5. What’s a piece of advice or perspective you hold that most people might disagree with?


A lot of people think more data is always better. I disagree. In health, more data often becomes more anxiety.

I believe the future is “data that trains you”,measuring the body’s response to an intentional action, then teaching you how to reliably shift your state. That’s why we focus on the parasympathetic response to a controlled stimulus rather than trying to track everything all the time. 


6. What’s a moment when your team took a creative risk — and what did you take away from it?

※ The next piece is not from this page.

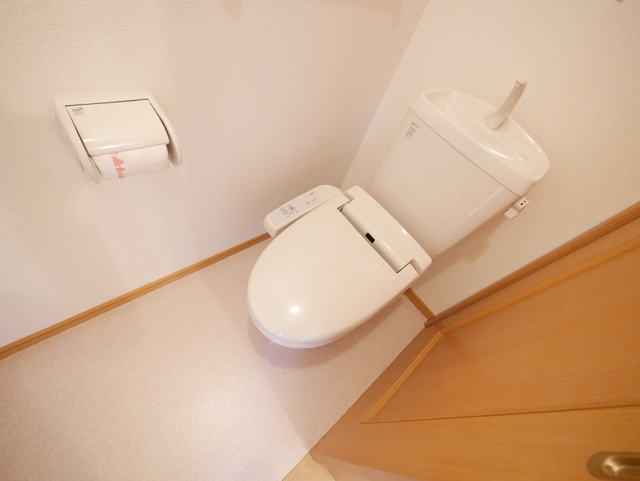 トイレ　★嬉しい温水洗浄便座付のトイレです★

Our creative risk was building a serious physiology product that’s playful on purpose. We leaned into a game-based experience because women don’t need another lecture, they need something that fits into real life and feels rewarding even on hard days.


The takeaway: in women’s health, engagement isn’t a marketing metric, it’s clinical. If the tool isn’t used consistently, it doesn’t matter how good the science is. Designing for delight can be a scientific decision.


7. Looking ahead, what excites you most about where your company — or your industry — is going?


I’m excited that women’s health is finally moving from “symptom journaling” toward objective, real-time signals that validate experience and guide action.


For Seesaw Health, what excites me most is scaling the idea that nervous system regulation can be trained, like a skill, using a simple biosensor and an app that makes the process intuitive and measurable. The goal is to help women experience fewer flare-ups, recover faster when symptoms hit, and build real autonomy in self-care, especially during hormonal shifts, when the nervous system and inflammation can feel like they’re driving the bus!